About Me

When not at work with students, I spend my time in my room either reading, calculating something using pen and paper, or using a computer. I read almost anything: from the pornographic to the profound, although my main interests are mathematics and physics. "When I get a little money I buy books; and if any is left I buy food and clothes." -Erasmus

Tuesday, June 2, 2015

Of reading and calculating there is no end

I spent the last few days reading the prospectuses of three PSEi based index mutual funds. I was mostly interested in the expenses of each fund, since all three should be doing exactly the same thing: buying a portfolio of representative stocks that constitute the PSEi. Since they're all doing exactly the same thing, their returns (fees excluded) should be the same. This means if one wants to maximize the returns from an index fund, one should buy shares from the fund with the lowest expense ratios.

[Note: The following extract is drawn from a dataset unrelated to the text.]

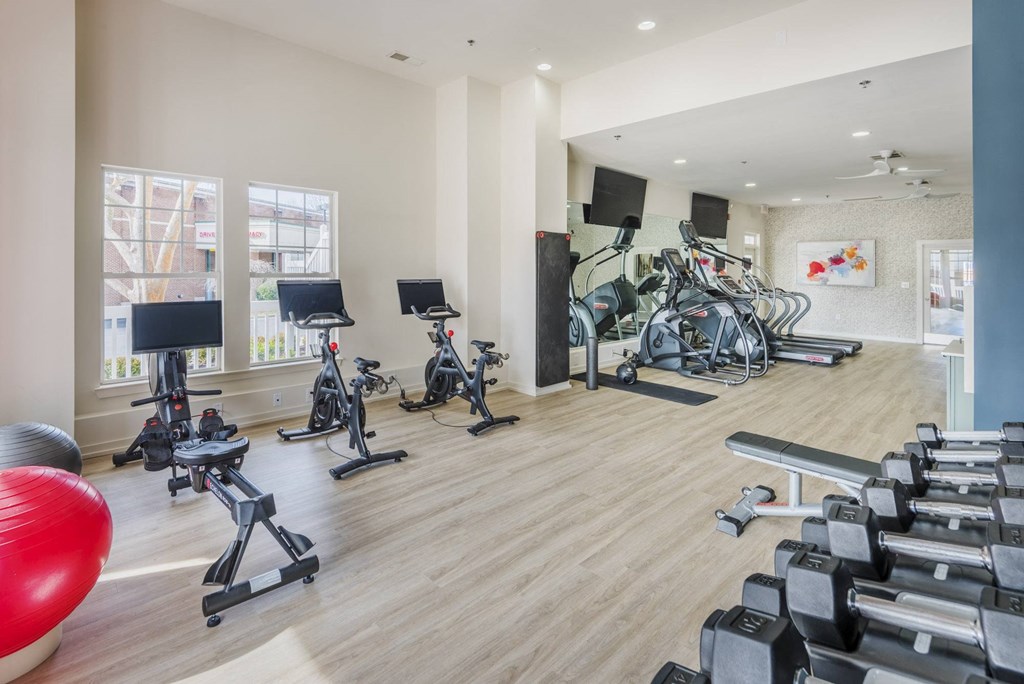 a gym with cardio equipment and weights on the floor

All this, because I've decided to start putting my retirement plan into action. I've calculated the assets that I would need, and it comes to PhP 6 million, or around USD 140000. For a good margin of safety, I estimate about PhP 12 million.

The biggest factor that I need to control while on the way to this amount is emotions. I'm planning on a buy and hold strategy; this means having the necessary willpower to buy and forget, even if the market declines so much that my investments go down to half the peak of its market value. (I won't actually be doing the buy and totally forget, since I will be tracking the money that goes in, just to make sure that I can avoid things like fraud, for example.)

The good news is I don't have any outstanding debt. The bad news is my net worth right now is low: about three to four months of living expenses. I can expect money to start flowing in by November because that would be the season when demand for a physics tutor will start to rise. I also have a writing gig that supposed to start mid-June. Meantime, I need to ensure that I live with very low expenses.

To help keep things in perspective, I'm rereading my favorite investment related books: Benjamin Graham's The Intelligent Investor, Burton Malkiel's A Random Walk Down Wall Street, and Robert Schiller's Irrational Exuberance. No "technical analysis" books for me. These are popular books, with some math (meaning simple arithmetic). They suit my taste because I like to calculate things, and I often use their discussions to start my own calculations and math models. It's more fun for me that  way, just to see if I can reproduce some of the results in finance and investment books like Brealey and Myers' text.

I've also intsalled R, because I'm studying probability and statistics, so that I can include it in my portfolio of teachable subjects. Right now, what I do have of probability and statistics are loose ends gathered from my various statistical physics subjects. So there is a need to study it in more detail.